• **Brief**
Give the lines again exactly as they appear below, from the line with "Femeie purtând un" to the line with "CNC Laser plasma", both included, and only those lines. Leave every picture out.

• **Input data**

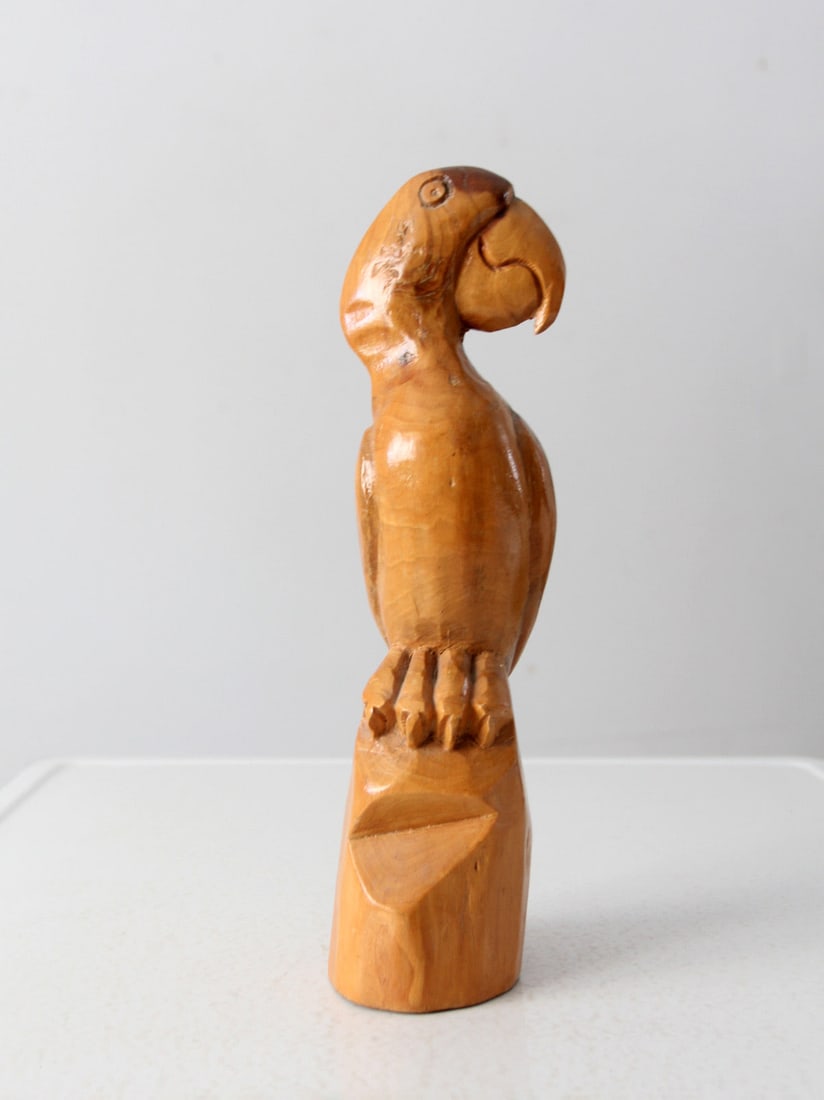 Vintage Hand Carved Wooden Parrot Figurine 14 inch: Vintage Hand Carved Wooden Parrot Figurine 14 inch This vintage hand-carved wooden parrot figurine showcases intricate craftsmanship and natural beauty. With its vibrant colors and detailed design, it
* * *
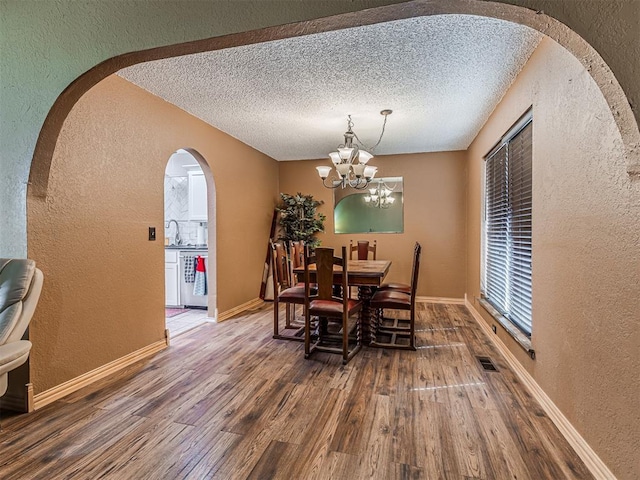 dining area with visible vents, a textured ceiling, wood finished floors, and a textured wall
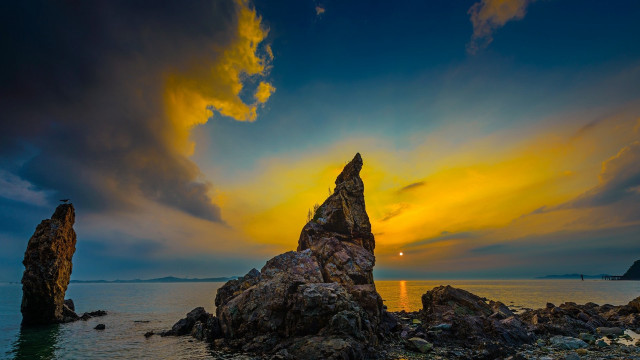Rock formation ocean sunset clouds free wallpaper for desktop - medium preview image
...
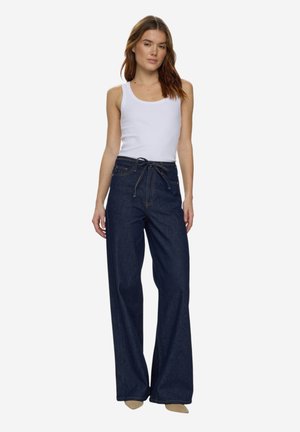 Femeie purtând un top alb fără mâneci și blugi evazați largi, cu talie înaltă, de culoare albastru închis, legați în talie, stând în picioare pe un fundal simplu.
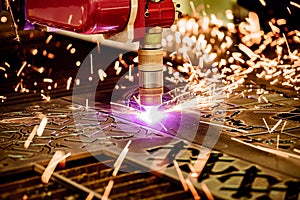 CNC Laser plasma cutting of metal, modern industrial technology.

• **Written answer**
 Femeie purtând un top alb fără mâneci și blugi evazați largi, cu talie înaltă, de culoare albastru închis, legați în talie, stând în picioare pe un fundal simplu.
 CNC Laser plasma cutting of metal, modern industrial technology.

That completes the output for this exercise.